Mr. Damski went through a similar evolution, from having more than
50,000 songs on his hard drive to “abandoning” iTunes, he said, in favor
of Spotify and the scratchy joys of vinyl. He likes the physicality of
LPs, and the way they make it hard for him to skip songs. He also enjoys
what he called the “Easter egg hunt” of used-record shopping, otherwise
known as sifting through bins of Olivia Newton-John and Al Martino
releases, hoping to find a rare gem from the Beach Boys’ bearded phase.
In true audiophile fashion, it now pains Mr.
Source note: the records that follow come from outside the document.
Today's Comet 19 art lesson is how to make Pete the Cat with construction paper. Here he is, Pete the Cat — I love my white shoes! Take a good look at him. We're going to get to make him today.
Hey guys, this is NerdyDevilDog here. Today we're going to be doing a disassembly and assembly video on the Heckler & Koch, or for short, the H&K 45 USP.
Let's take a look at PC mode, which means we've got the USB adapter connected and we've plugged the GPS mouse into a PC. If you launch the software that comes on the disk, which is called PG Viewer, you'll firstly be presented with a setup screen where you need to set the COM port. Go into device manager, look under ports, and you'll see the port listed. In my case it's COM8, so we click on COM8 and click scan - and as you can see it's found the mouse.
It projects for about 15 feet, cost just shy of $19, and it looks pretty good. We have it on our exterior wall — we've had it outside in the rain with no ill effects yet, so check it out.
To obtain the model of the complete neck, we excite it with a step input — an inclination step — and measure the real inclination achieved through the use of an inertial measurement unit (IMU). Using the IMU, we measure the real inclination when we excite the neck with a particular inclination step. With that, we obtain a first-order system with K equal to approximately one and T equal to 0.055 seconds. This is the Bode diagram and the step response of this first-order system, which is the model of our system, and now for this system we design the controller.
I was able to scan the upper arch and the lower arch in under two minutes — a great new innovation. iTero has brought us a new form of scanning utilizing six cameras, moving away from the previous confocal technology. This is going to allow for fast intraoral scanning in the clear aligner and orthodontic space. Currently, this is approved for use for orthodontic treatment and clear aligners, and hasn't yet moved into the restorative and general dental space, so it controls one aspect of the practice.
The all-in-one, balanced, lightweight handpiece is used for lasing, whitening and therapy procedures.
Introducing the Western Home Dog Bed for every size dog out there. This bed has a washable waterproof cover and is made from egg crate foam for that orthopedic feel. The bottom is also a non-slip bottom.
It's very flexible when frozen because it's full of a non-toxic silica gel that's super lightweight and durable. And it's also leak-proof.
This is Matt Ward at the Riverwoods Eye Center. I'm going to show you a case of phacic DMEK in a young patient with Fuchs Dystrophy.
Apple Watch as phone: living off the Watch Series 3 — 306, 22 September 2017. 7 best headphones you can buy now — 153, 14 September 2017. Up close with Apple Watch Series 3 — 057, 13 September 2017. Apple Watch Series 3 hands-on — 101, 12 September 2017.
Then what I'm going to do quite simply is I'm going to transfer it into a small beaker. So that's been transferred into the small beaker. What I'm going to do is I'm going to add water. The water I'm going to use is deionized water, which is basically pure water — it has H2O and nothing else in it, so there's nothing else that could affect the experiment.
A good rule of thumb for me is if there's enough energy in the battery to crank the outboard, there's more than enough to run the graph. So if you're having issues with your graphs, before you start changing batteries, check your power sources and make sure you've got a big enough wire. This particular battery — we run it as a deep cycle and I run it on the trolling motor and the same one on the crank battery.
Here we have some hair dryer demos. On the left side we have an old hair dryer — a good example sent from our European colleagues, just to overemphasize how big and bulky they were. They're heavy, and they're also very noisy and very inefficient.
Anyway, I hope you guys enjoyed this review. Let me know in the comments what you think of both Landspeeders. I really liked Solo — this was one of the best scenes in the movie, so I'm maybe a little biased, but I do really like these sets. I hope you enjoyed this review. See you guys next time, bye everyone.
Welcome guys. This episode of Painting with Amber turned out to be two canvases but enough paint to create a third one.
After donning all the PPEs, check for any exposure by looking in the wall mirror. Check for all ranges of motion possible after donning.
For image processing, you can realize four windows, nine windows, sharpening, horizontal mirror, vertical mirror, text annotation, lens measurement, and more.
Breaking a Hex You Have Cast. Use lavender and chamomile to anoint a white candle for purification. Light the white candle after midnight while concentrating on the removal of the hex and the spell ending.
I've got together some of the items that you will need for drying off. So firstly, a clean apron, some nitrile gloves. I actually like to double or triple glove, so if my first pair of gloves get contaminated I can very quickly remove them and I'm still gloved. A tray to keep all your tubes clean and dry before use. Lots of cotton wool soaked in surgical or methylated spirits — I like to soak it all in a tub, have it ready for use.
Damski to listen to
low-resolution music played through the microspeakers of a smartphone or
a computer. “I wanted to hear a Kinks song the other day that wasn’t on
Spotify, so a friend looked it up on YouTube,” he said. “It sounded so
bad.”
He laughed at his own fussiness, but added, “I didn’t even want to listen anymore.”
As for home audio equipment, Mr. Svizeny owns what he considers an
average Sony turntable, receiver and speakers, while Mr. Damski uses his
roommate’s Audio-Technica model. But both men hope to acquire a
high-end system someday.
“If I own a house and have disposable income, a good stereo will be a
primary investment,” Mr. Damski said. “Definitely higher on the list
than bath towels.”
For years, the typical high-end audio customer has been a white-haired
classical music aficionado or an aging rock fan for whom listening to
“Aja” in 1977 on a pair of Altec Lansings was a spiritual experience.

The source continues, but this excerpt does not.